- What the exercise asks:
Your copy should match the listing below exactly, except that it holds no images.

- Data segment:
....

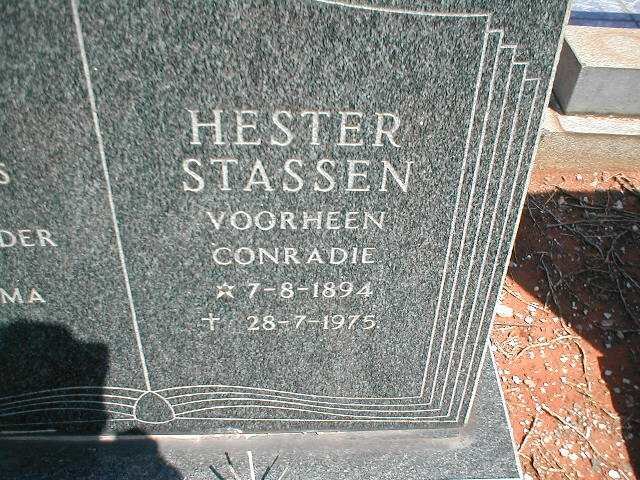 STASSEN Hester, voorheen CONRADIE 1894-1975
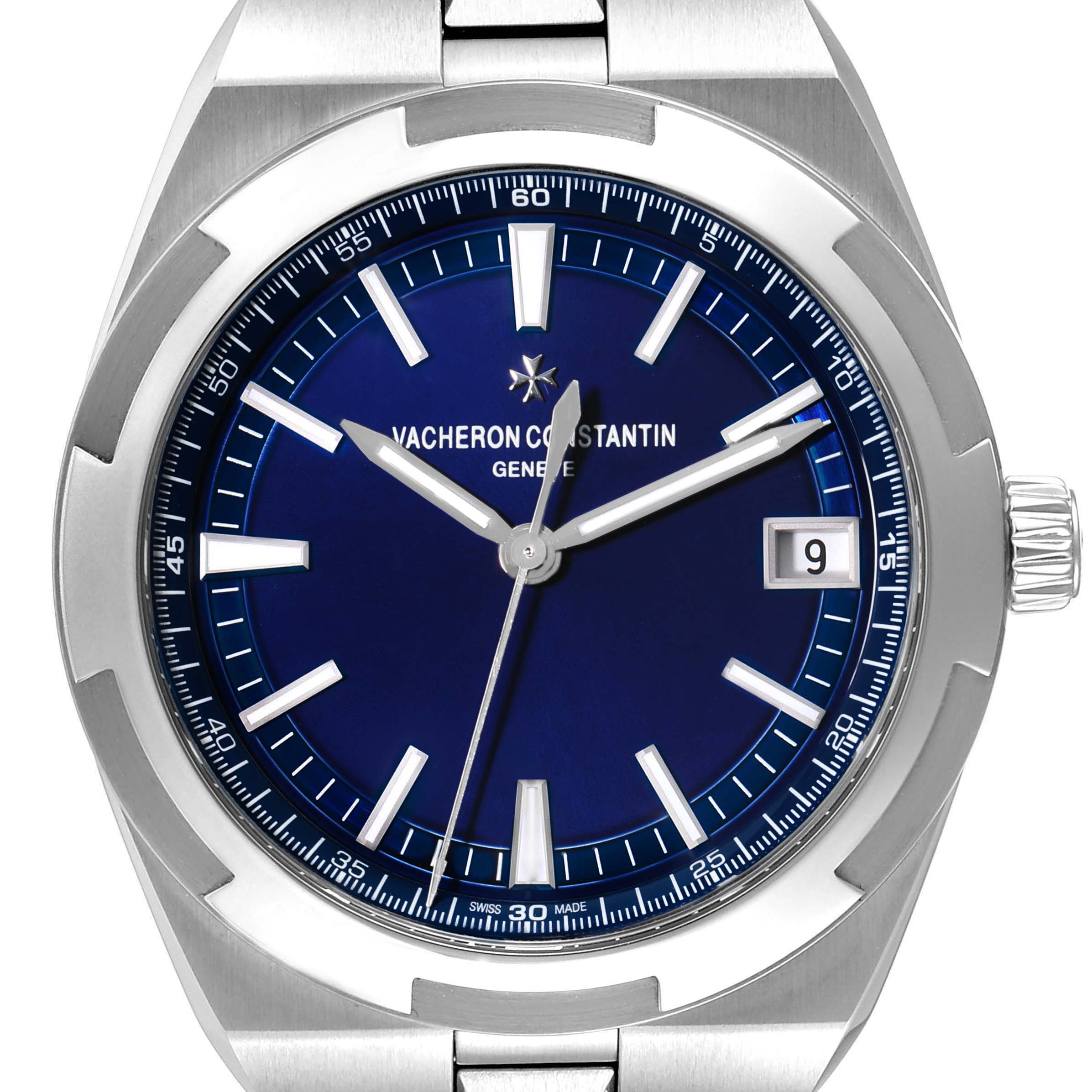 The image shows a front view of the Vacheron Constantin Overseas 4500V/110A-B128 Men's Stainless Steel Blue Dial 4500V/110A-B128 Men's Stainless Steel Blue Dial model watch, highlighting its dial, bezel, crown, and part of the bracelet.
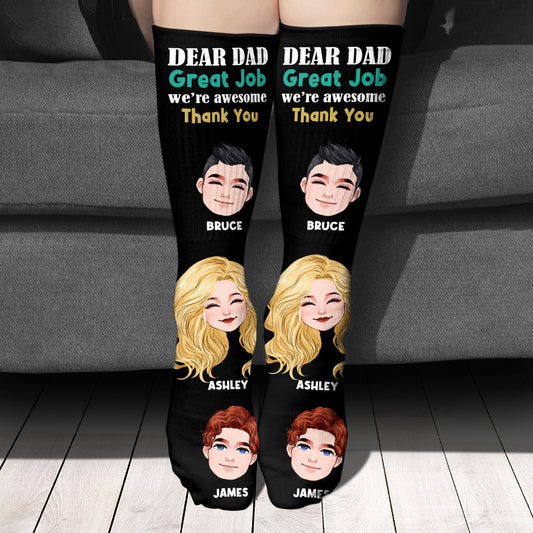 Dear Dad Great Job - Personalized Father Socks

....

- Finished exercise:
 STASSEN Hester, voorheen CONRADIE 1894-1975
 The image shows a front view of the Vacheron Constantin Overseas 4500V/110A-B128 Men's Stainless Steel Blue Dial 4500V/110A-B128 Men's Stainless Steel Blue Dial model watch, highlighting its dial, bezel, crown, and part of the bracelet.
 Dear Dad Great Job - Personalized Father Socks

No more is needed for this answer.